Raja Tabet, Senior Vice President at Synopsys, noted this collaboration aims to “re-engineer chip design workflows” and “supercharge engineering productivity.” PhysicsX is also a launch partner, integrating its physics-based AI foundation models. CEO Jacomo Corbo described the platform as representing a “seismic shift in how AI can accelerate scientific discovery and engineering.” System integrators like Accenture and Capgemini are also involved to help scale custom deployments.
Navigating the Evolving Landscape of AI in Science
Microsoft’s introduction of Discovery occurs within a rapidly evolving landscape where AI is increasingly pivotal. Competitor Google has been prominent with its “AI Co-Scientist” initiative for generating research hypotheses. The company has also released specialized tools like TxGemma for drug discovery and AlphaEvolve for optimizing algorithms. Microsoft itself previously contributed with models like BioEmu-1 for protein dynamics. The broader trend includes potential high-capability AI research agents from OpenAI.
However, the increasing sophistication of AI in scientific research brings important considerations. A study highlighted by Winbuzzer in April 2025 revealed that advanced AI models could outperform experienced virologists in complex lab procedures, raising dual-use concerns about potential misuse. Seth Donoughe, a study co-author, expressed that the findings made him “little nervous.” This has spurred calls for robust governance frameworks.

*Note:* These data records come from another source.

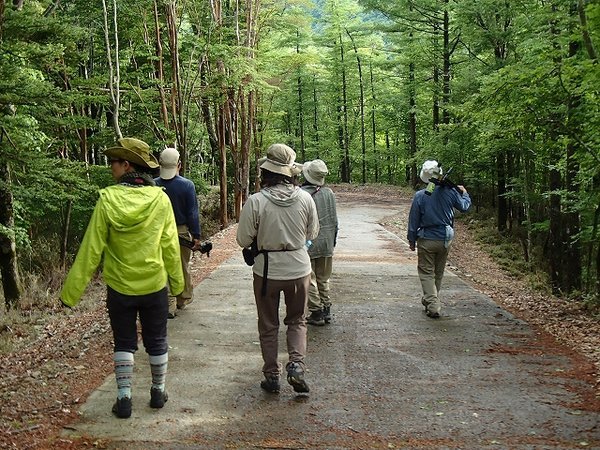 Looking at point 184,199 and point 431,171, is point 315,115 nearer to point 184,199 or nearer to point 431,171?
point 431,171

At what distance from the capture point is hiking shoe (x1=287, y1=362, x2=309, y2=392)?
A: 5.18m

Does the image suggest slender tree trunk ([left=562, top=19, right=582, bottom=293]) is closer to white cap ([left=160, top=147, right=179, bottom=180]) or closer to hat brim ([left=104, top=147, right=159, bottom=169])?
white cap ([left=160, top=147, right=179, bottom=180])

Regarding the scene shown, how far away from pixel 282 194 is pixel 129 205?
135 centimetres

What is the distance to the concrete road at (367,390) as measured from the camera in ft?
14.6

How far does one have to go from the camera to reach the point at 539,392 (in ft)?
18.2

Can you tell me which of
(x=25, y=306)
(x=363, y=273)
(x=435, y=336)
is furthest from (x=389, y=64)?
(x=435, y=336)

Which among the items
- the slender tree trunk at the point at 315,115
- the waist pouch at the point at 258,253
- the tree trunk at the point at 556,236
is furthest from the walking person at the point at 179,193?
the slender tree trunk at the point at 315,115

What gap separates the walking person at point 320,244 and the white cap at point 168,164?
5.22 feet

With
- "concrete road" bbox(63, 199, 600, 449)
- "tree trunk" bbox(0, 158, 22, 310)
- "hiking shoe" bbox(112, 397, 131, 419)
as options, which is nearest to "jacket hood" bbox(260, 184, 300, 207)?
"concrete road" bbox(63, 199, 600, 449)

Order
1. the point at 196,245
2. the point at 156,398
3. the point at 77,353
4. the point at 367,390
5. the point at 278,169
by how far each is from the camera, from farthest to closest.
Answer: the point at 196,245 → the point at 77,353 → the point at 367,390 → the point at 278,169 → the point at 156,398

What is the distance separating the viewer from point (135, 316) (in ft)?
15.5

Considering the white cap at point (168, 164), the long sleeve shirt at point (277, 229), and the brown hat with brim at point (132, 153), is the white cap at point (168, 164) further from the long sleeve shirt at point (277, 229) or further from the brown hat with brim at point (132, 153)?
the brown hat with brim at point (132, 153)

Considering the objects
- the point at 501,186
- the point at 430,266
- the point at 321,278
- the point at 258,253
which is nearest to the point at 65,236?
the point at 321,278

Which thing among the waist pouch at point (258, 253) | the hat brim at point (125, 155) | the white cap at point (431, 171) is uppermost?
the hat brim at point (125, 155) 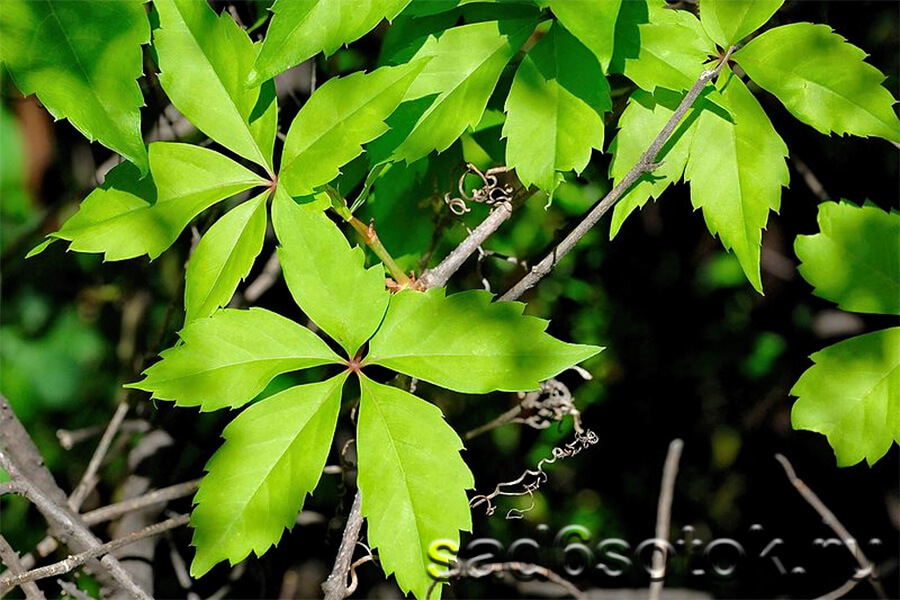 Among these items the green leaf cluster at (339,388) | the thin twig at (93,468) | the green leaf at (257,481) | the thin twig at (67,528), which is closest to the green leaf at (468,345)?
the green leaf cluster at (339,388)

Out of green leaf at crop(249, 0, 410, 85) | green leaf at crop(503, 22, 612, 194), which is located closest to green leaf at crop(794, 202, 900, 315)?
green leaf at crop(503, 22, 612, 194)

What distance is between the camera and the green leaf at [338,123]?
3.11 feet

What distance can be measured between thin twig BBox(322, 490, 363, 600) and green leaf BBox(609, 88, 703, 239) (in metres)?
0.42

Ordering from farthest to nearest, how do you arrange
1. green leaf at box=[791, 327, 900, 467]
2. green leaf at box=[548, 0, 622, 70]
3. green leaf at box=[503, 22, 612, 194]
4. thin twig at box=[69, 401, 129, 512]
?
thin twig at box=[69, 401, 129, 512], green leaf at box=[791, 327, 900, 467], green leaf at box=[503, 22, 612, 194], green leaf at box=[548, 0, 622, 70]

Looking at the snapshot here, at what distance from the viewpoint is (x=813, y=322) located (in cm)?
213

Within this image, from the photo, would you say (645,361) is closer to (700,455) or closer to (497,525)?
(700,455)

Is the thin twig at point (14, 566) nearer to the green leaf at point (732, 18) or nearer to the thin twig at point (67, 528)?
the thin twig at point (67, 528)

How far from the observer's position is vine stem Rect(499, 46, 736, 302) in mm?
918

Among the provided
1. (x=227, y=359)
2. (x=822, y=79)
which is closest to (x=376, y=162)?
(x=227, y=359)

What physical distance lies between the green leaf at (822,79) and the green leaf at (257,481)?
2.07 feet

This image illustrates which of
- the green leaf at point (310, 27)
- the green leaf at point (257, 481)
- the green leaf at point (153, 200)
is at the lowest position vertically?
the green leaf at point (257, 481)

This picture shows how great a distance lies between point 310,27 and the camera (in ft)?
2.96

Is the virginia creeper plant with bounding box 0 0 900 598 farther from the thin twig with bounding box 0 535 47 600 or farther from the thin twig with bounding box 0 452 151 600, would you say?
the thin twig with bounding box 0 535 47 600

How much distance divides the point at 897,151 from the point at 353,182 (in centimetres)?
138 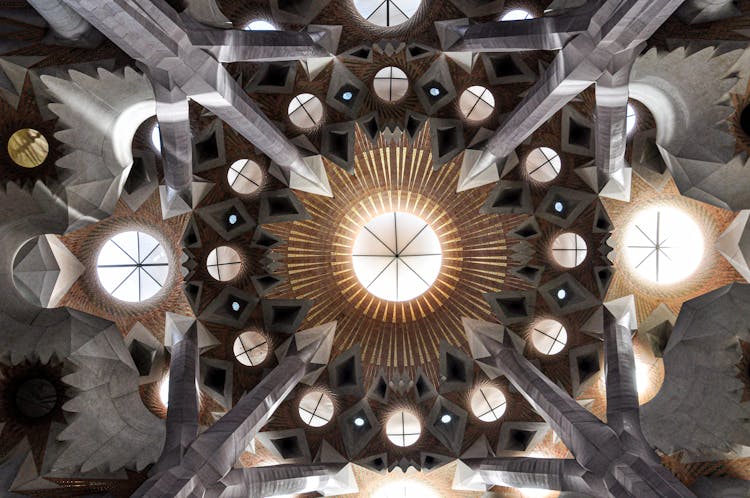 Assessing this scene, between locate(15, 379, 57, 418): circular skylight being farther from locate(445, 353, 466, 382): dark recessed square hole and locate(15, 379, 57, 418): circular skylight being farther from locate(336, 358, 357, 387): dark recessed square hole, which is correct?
locate(445, 353, 466, 382): dark recessed square hole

Microsoft emphasizes that Discovery’s design prioritizes trust, compliance, and transparency, keeping researchers in control. Yet, the broader scientific community and AI developers continue to grapple with ensuring the reliability and ethical deployment of these transformative technologies. DeepMind’s own prior research, for example, acknowledged that “until model speed is improved and hallucinations are completely resolved, tools like symbolic engines will remain essential for math applications.” This highlights that human expertise and traditional scientific validation remain crucial in the age of AI-accelerated discovery.